╭──

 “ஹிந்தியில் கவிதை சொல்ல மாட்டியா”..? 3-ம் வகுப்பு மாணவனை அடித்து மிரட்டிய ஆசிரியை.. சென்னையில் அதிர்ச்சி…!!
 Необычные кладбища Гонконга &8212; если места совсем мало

╰──
╭──

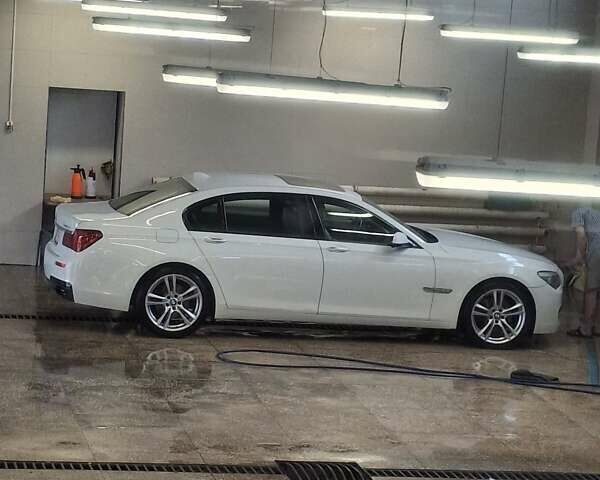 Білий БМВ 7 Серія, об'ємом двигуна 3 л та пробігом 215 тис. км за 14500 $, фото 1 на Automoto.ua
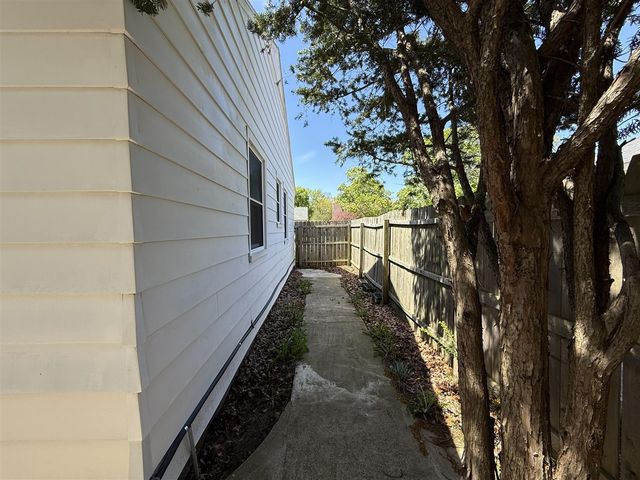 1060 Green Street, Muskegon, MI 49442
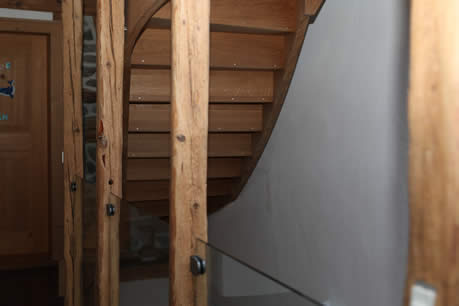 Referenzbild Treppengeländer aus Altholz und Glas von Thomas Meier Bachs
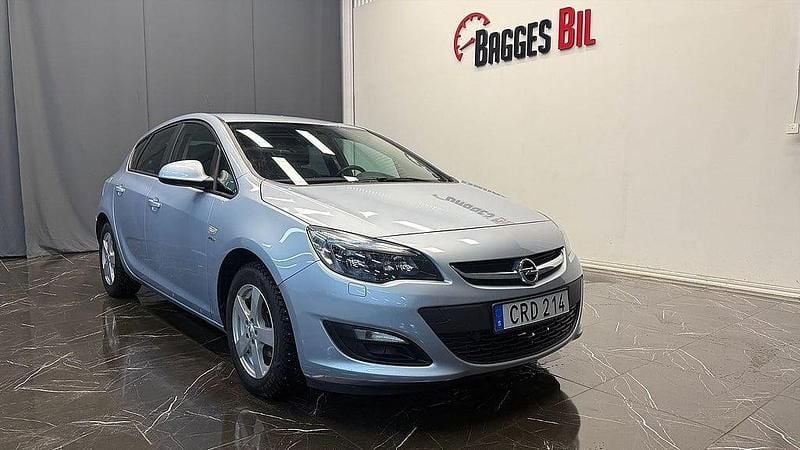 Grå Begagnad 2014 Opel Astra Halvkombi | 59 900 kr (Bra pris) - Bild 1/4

╰──
╭──

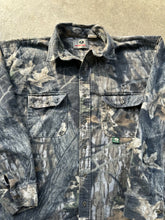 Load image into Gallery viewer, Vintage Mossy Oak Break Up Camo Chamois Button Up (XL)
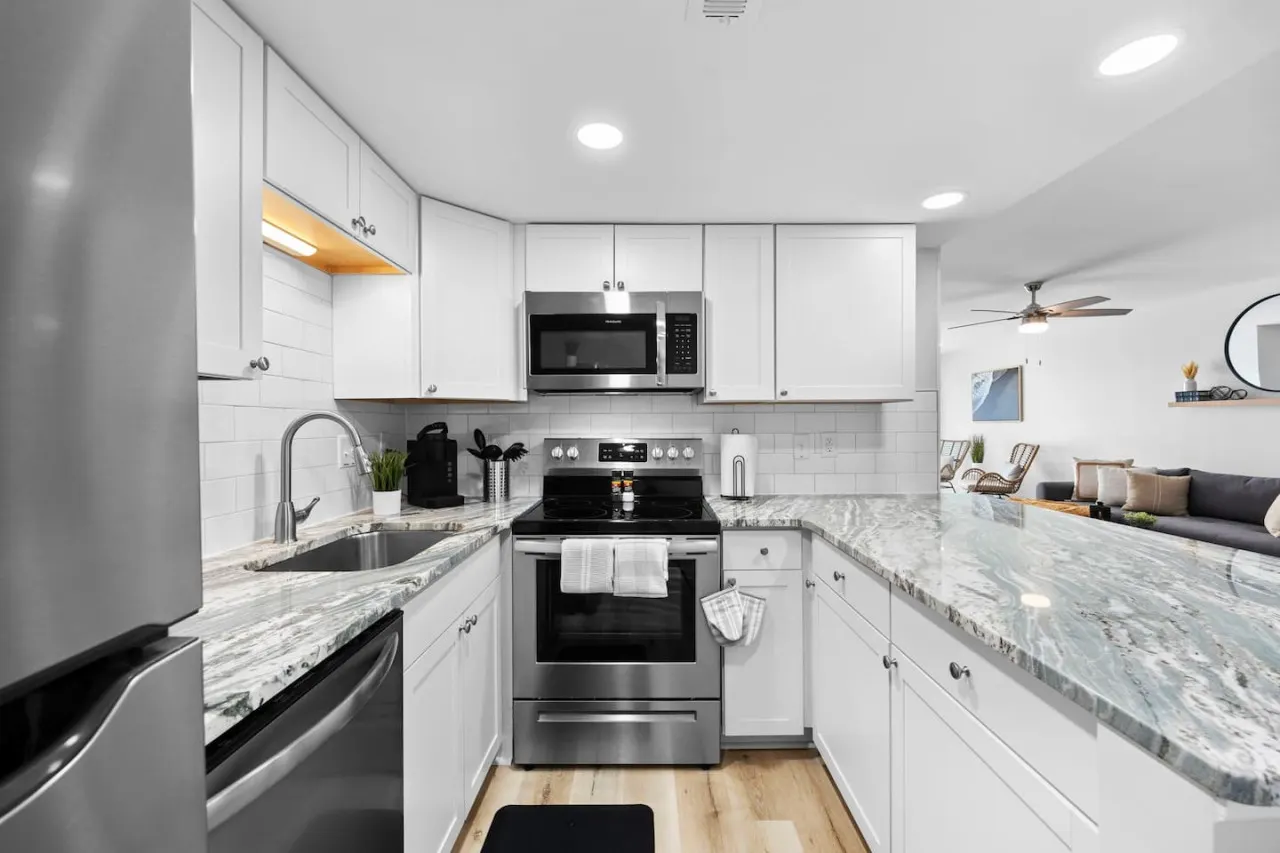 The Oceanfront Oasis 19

╰──

> _Assignment_
From the line containing "ஆசிரியை.. சென்னையில் அதிர்ச்சி…!!" down to the line containing "Необычные кладбища Гонконга" in the material above, reproduce every line exactly, including the two end lines.

> _Answer below_
 “ஹிந்தியில் கவிதை சொல்ல மாட்டியா”..? 3-ம் வகுப்பு மாணவனை அடித்து மிரட்டிய ஆசிரியை.. சென்னையில் அதிர்ச்சி…!!
 Необычные кладбища Гонконга &8212; если места совсем мало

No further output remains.